Bir Belge: Zeytinyağında 1.Lig Hedefi-Prof. Dr. Kenan MORTAN
- Zeytin Hasadi Dergisi
- 23 Eyl
- 6 dakikada okunur
Güncelleme tarihi: 24 Eyl
Aklı Ayvalık’ta, yüreği Girit’te, aziz dostum
Ahmet Yorulmaz’ın unutulmaz anısına…
9-11 Kasım 2001’de Ayvalık Ticaret Odası, Ayvalık Zeytincilik Söyleşileri’nin ikincisini düzenlemişti. Üstünden nerdeyse çeyrek asır geçen bu panele rahmetli Ahmet Yorulmaz ile birlikte katıldığımı anımsıyorum. Kayıtlarım, Orman Bakanı Prof. Dr. Nami Çağan’ın açılışı yapmak için davet edildiğini, gelemeyip “başarı mesajı” yolladığını söylüyor. Sanatçı Rutkay Aziz bir şiir dinletisi yapacaktı, dinletiyi anımsanıyorum. Ayvalık Belediye Başkanı Ahmet Tüfekçi oradaydı. Oturum başkanlığını kendisi de bir Ayvalıklı olan Şahin Alpay yapmıştı.
Dünya ve Türkiye zeytinciliğini anlatmak için katıldığım bu programda sunduğum metnimin başlığı, “Zeytinyağında 1. Lig Hedefi” idi.
Zeytin Hasadı yayın koordinatörü Serkan Aziz Ceyhan’dan bir yazı yazma çağrısı alınca, yirmi dört yıl önce yazılmış metne göz attım.
Şimdi sizi bu “belge” ile baş başa bırakacak, sonra da yaşananları sıralayacağım.
***
39 bin yaşa ulaşmış zeytin ağacının anayurdu, Bereketli Hilâl Bölgesi, Suriye’nin kuzeyi, Türkiye’nin güneydoğusudur. “Akdeniz çanağı içinde” demekte ısrarlıyım çünkü edebiyatçı Georges Duhamel’in (1884-1966) sözleriyle, “Zeytin ağacının vazgeçtiği yerde Akdeniz biter.” Tevrat ve İncil’de “zeytin” sözcük olarak 140 kez anılır. Kuran-ı Kerim’in 6 suresinde zeytin ve zeytinin nimeti anlatılır. Roma İmparatorluğu’nda zeytin Minerva Tanrıçası’nı kutsayan ağaçtır, “kutsal ağaç” olarak kabul edilir.
Türkiye’de zeytin ağacı sayısı düzenli olarak ve hep artış eğiliminde.
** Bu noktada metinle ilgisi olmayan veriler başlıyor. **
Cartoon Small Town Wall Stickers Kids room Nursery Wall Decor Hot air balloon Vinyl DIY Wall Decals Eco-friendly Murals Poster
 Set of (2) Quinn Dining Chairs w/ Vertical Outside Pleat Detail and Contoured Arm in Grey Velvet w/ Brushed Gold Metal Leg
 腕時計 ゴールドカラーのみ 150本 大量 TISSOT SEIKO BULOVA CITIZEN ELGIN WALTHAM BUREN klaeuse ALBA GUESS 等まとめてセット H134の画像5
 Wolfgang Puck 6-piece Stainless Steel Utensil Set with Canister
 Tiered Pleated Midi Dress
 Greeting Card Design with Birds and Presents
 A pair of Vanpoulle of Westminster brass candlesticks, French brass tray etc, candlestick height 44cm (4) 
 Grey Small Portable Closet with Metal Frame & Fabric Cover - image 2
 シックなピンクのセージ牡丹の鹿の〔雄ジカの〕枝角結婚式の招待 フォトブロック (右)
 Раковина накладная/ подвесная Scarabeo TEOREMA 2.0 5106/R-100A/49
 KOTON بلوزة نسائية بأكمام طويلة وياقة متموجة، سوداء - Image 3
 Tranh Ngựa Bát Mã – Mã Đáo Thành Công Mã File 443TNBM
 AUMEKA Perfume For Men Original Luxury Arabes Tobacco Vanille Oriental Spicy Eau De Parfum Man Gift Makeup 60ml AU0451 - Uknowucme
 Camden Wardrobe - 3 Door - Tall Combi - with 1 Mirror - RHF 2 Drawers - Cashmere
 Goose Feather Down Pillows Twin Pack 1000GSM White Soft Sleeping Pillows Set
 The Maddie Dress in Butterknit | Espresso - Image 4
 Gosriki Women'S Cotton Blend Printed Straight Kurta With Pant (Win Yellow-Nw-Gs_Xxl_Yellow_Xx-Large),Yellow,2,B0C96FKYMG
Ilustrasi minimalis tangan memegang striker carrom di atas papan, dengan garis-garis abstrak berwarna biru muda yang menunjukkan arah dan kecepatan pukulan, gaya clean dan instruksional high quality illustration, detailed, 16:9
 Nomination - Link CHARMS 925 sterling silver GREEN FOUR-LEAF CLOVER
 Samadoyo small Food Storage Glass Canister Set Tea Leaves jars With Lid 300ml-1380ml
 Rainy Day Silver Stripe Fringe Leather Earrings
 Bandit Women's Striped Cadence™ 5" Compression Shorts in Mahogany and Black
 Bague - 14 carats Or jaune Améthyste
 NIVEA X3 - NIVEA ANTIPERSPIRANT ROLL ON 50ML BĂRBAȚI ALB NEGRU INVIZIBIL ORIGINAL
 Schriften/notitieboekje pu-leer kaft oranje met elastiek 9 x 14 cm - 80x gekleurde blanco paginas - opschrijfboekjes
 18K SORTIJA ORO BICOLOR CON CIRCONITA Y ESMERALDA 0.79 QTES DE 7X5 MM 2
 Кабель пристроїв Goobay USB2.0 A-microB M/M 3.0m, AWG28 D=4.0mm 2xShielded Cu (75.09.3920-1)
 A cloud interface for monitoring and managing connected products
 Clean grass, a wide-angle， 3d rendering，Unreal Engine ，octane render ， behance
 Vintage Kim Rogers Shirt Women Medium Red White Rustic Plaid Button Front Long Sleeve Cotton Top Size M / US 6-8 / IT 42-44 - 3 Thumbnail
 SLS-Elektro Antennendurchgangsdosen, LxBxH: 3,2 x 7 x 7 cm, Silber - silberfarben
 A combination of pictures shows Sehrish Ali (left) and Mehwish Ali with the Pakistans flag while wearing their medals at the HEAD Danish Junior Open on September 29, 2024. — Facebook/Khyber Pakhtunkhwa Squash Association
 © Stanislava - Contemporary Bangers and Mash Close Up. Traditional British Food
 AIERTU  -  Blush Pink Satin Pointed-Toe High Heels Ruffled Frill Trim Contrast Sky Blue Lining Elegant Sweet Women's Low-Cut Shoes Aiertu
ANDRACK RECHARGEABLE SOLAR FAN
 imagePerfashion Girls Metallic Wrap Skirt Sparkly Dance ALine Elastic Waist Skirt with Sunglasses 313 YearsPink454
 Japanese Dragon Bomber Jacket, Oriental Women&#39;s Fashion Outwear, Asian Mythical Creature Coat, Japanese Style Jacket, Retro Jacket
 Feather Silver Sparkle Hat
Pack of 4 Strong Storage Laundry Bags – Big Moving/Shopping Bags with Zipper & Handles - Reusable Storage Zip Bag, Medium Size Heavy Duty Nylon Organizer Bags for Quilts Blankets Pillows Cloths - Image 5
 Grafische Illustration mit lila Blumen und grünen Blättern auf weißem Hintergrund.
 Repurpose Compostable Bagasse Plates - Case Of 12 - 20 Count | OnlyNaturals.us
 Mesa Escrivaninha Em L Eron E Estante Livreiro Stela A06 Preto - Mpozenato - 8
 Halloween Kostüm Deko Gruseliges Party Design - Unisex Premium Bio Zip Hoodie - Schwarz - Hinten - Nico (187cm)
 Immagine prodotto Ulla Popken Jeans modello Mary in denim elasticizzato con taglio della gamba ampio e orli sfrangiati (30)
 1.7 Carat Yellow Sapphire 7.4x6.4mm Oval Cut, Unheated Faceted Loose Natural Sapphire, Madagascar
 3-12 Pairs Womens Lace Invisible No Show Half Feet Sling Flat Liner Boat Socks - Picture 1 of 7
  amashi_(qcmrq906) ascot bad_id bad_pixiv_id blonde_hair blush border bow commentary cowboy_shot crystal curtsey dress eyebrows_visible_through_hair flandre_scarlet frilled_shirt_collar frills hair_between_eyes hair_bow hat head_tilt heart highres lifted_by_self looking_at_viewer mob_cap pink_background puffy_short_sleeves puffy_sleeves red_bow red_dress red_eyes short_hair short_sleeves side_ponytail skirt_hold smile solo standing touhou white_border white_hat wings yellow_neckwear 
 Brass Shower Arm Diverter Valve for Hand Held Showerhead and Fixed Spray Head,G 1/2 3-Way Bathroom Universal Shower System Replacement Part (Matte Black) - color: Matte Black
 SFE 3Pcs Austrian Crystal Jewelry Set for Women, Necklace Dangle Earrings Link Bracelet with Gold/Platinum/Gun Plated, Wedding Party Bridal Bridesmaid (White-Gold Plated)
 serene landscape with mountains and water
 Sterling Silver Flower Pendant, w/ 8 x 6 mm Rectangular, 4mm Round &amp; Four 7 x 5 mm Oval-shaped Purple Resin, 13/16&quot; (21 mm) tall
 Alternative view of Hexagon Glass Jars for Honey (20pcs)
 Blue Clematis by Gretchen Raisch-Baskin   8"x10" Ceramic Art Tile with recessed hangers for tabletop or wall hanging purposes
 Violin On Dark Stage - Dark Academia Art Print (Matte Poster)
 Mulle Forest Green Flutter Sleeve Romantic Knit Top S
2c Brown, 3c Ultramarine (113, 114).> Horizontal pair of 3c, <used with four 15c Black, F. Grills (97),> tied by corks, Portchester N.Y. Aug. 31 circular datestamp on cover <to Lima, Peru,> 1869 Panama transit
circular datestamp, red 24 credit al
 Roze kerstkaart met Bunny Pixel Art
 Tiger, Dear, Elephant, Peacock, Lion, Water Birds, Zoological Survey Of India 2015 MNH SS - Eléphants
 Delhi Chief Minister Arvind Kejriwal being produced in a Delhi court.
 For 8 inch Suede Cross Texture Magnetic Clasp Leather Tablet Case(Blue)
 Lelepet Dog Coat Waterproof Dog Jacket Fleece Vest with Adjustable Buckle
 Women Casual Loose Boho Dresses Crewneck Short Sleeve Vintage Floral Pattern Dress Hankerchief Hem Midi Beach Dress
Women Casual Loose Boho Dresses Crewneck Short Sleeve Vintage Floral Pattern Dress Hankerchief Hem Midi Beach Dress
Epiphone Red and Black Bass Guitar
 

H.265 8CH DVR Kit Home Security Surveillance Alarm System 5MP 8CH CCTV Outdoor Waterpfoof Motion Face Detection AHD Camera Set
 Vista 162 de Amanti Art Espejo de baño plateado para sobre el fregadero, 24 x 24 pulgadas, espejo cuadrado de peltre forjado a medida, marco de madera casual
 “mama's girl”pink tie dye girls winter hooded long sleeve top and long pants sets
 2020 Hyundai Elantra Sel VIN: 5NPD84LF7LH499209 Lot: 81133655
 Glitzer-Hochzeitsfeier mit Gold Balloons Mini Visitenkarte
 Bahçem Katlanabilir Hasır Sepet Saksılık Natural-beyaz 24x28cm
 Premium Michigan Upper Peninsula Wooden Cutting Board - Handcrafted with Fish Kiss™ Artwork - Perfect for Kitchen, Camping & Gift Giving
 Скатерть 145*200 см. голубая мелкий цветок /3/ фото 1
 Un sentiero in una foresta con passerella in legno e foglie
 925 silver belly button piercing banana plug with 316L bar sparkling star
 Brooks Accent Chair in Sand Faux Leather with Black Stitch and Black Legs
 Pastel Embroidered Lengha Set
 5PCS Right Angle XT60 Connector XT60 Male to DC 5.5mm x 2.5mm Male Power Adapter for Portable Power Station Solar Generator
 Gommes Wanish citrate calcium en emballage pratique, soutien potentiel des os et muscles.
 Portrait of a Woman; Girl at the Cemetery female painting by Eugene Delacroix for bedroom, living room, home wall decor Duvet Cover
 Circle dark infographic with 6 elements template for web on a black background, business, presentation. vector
1945’de zeytin ağacı sayısı 28 milyon iken, halen 85 milyon zeytin ağacı var. Her yıl 200-300 bin yeni fidan dikiliyor. Bu yükselen trend içinde Türkiye, dünya zeytin ağacı sayısının %10’una sahip. Ülke, sofralık zeytinde ikinci, zeytinyağı üretiminde 4.büyük üretici konumunda.
Ben bu oturumda beş noktaya odaklanmak istiyorum:
1-Türkiye’de zeytincilik, spekülatörden, üretici pazarının eline geçti ya da geçiyor. Sancılı da olsa, bu geçişi yeni bir olgu olarak kabul etmemiz gerekiyor. ABD’ye “kutulu zeytinyağı” adıyla ihracat yapıp, daha sonra yağın ülkeye girdiği gün “kutuyu parçalatanlar” artık yok.
2-Türkiye’nin UZK (Uluslararası Zeytin Konseyi-IOC) üyeliği olur ya da olmaz. Ancak UZK bir “yönlendirme örgütü” olmaktan çok, “alarm” veren bir yangın sireni niyetine çalışıyor. Konsey misyonunun yeniden tanımlaması gerekiyor.
3-Dünya zeytinyağı ihracatı düzenli olarak artarken, AB Türkiye ihracatını fon uygulayarak fiilen engelliyor. Türkiye “kayırmacı ticaret politikası” beklemese de “su yolunun açık tutulmasını” umuyor.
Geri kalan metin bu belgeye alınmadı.